++++ Available data

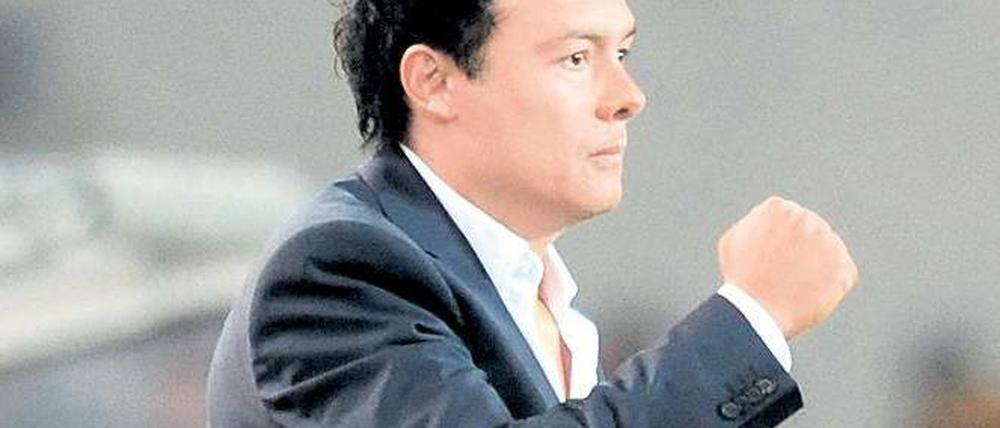 Eine Faust für ein Halleluja. Rodolfo Cardoso verjüngte den HSV mit Erfolg. Foto: dpa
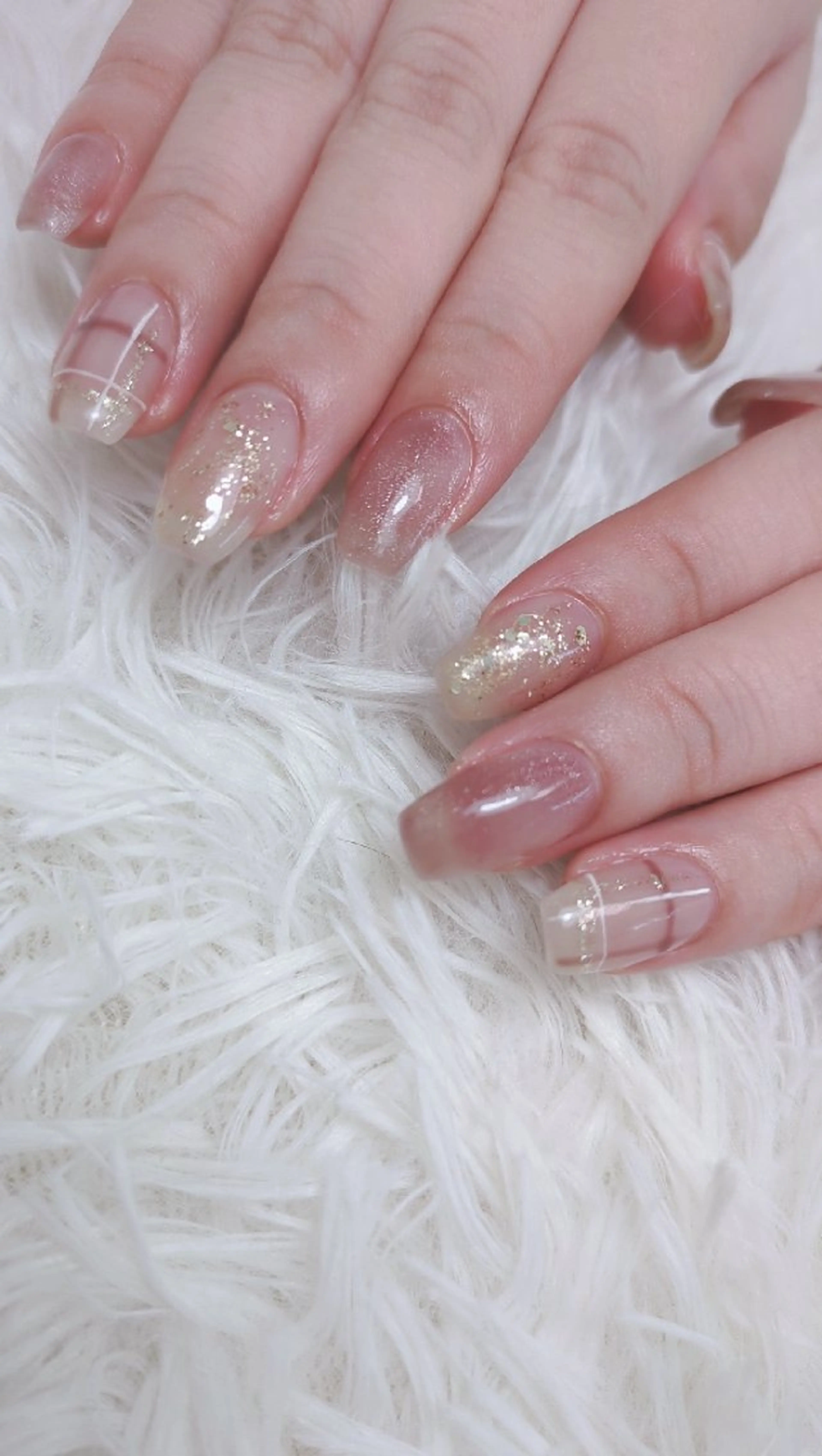 ミディアム ハンドネイル Nailspeace Omalyのネイルデザイン
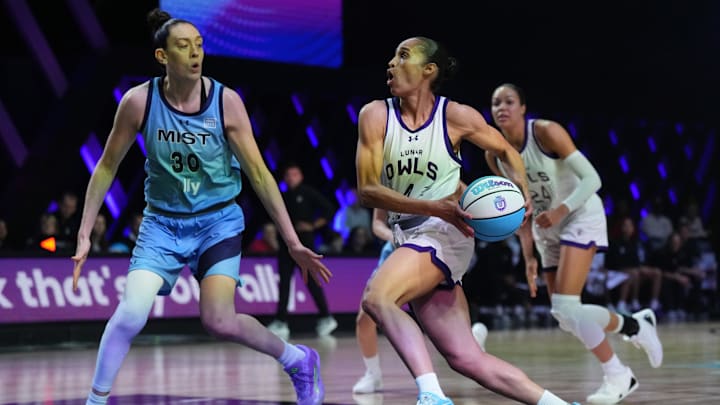 Jan 17, 2025; Miami, FL, USA; Skylar Diggins-Smith (4) of the Lunar Owls drives toward the basket as Breanna Stewart (30) of the Mist defends during the first half of the Unrivaled women’s professional 3v3 basketball league at Wayfair Arena. Mandatory Credit: Jim Rassol-Imagn Images Jan 17, 2025; Miami, FL, USA; Skylar Diggins-Smith (4) of the Lunar Owls drives toward the basket as Breanna Stewart (30) of the Mist defends during the first half of the Unrivaled women’s professional 3v3 basketball league at Wayfair Arena. Mandatory Credit: Jim Rassol-Imagn Images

++++++++

-- Task goal --
Output all the material exactly. The pictures are to be left out.

-- Finished exercise --
 Eine Faust für ein Halleluja. Rodolfo Cardoso verjüngte den HSV mit Erfolg. Foto: dpa
 ミディアム ハンドネイル Nailspeace Omalyのネイルデザイン
 Jan 17, 2025; Miami, FL, USA; Skylar Diggins-Smith (4) of the Lunar Owls drives toward the basket as Breanna Stewart (30) of the Mist defends during the first half of the Unrivaled women’s professional 3v3 basketball league at Wayfair Arena. Mandatory Credit: Jim Rassol-Imagn Images Jan 17, 2025; Miami, FL, USA; Skylar Diggins-Smith (4) of the Lunar Owls drives toward the basket as Breanna Stewart (30) of the Mist defends during the first half of the Unrivaled women’s professional 3v3 basketball league at Wayfair Arena. Mandatory Credit: Jim Rassol-Imagn Images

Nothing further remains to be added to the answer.